*Material shown*
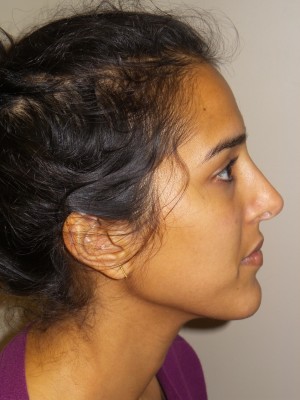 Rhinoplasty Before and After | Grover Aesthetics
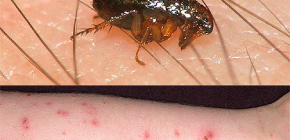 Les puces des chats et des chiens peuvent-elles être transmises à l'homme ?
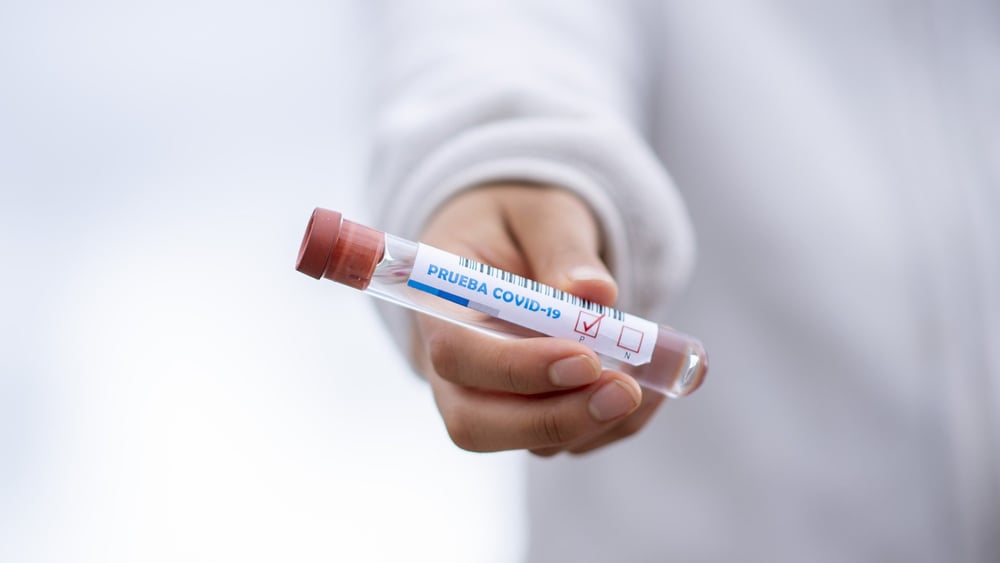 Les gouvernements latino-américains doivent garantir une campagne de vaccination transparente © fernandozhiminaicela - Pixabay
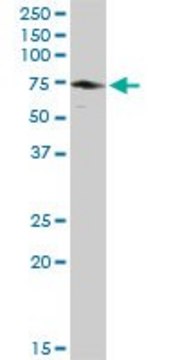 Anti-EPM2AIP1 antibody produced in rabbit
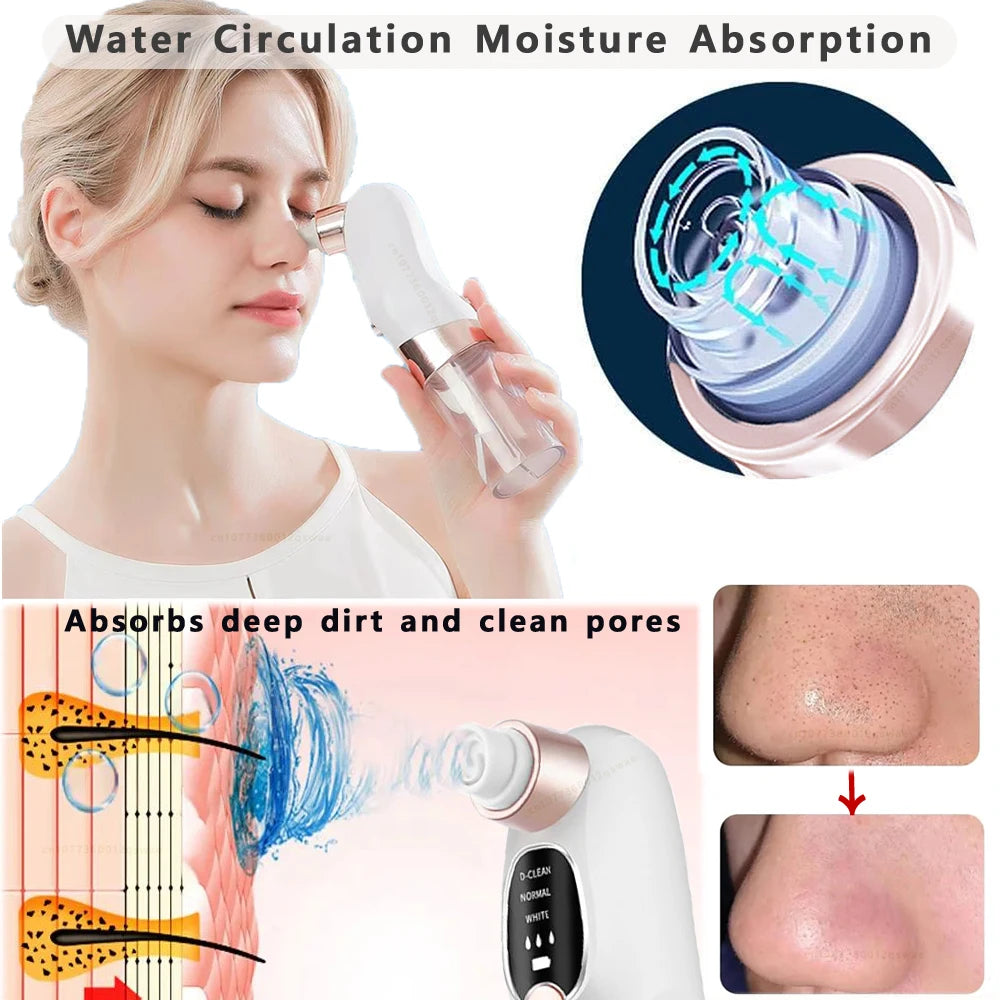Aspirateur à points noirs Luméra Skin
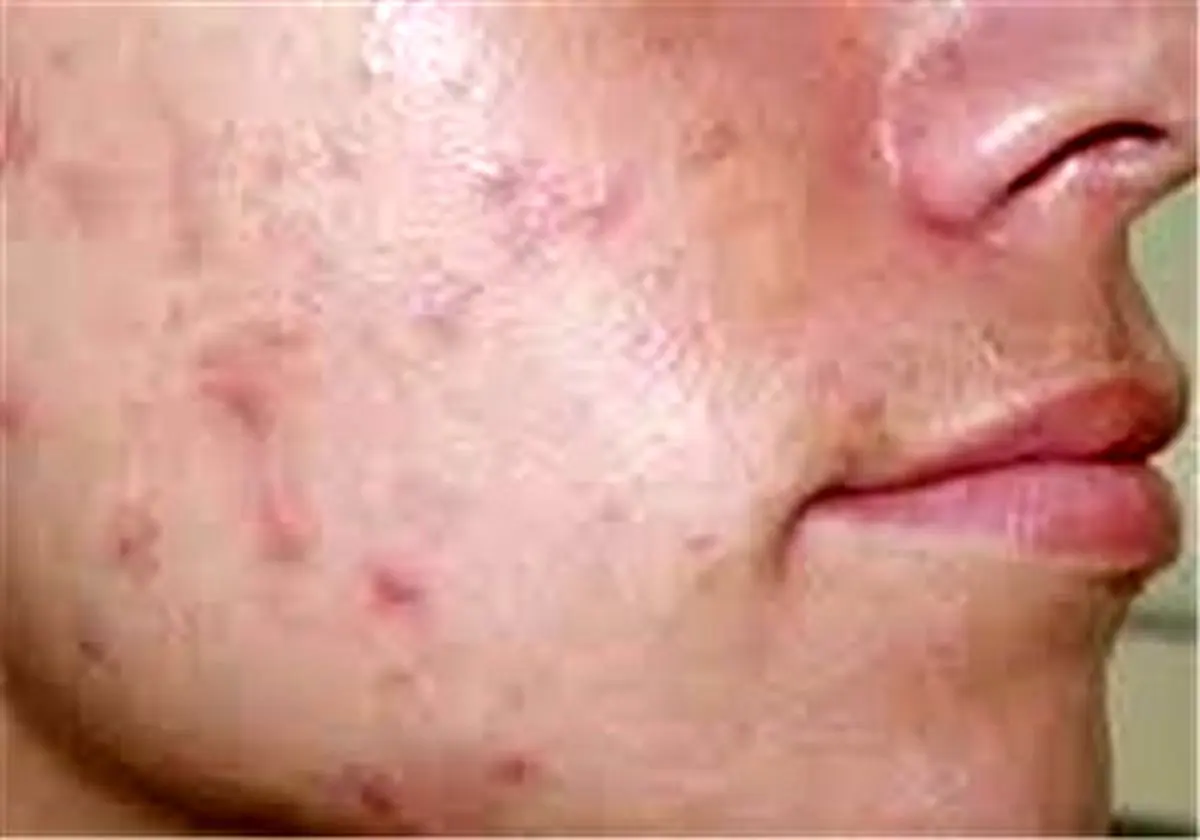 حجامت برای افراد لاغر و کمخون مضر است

* * *

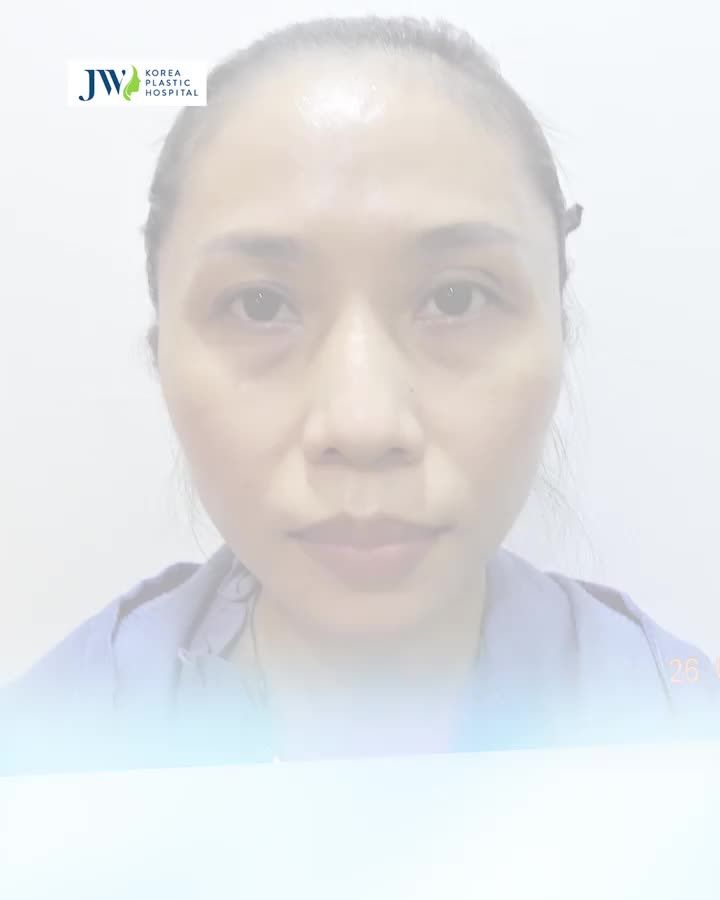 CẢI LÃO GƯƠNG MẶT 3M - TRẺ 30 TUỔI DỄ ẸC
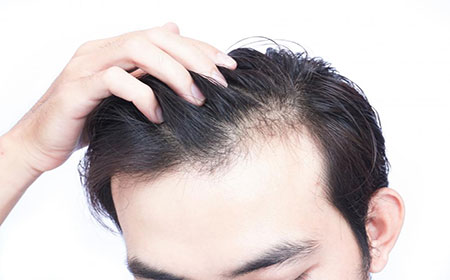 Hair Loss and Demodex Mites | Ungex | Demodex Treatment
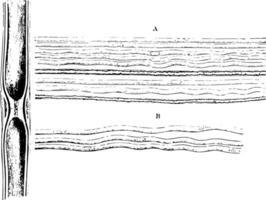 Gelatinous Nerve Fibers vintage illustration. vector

--

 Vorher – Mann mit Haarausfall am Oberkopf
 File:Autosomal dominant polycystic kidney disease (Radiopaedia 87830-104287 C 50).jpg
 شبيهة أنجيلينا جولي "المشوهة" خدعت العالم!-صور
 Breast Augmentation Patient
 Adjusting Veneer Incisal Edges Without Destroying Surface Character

*Assigned task*
In the records above, everything from the line with "Rhinoplasty Before and" down to the line with "حجامت برای افراد لاغر و کمخون مضر است" must be duplicated exactly, both lines kept. Leave no pictures in.

*Exercise solution*
 Rhinoplasty Before and After | Grover Aesthetics
 Les puces des chats et des chiens peuvent-elles être transmises à l'homme ?
 Les gouvernements latino-américains doivent garantir une campagne de vaccination transparente © fernandozhiminaicela - Pixabay
 Anti-EPM2AIP1 antibody produced in rabbit
Aspirateur à points noirs Luméra Skin
 حجامت برای افراد لاغر و کمخون مضر است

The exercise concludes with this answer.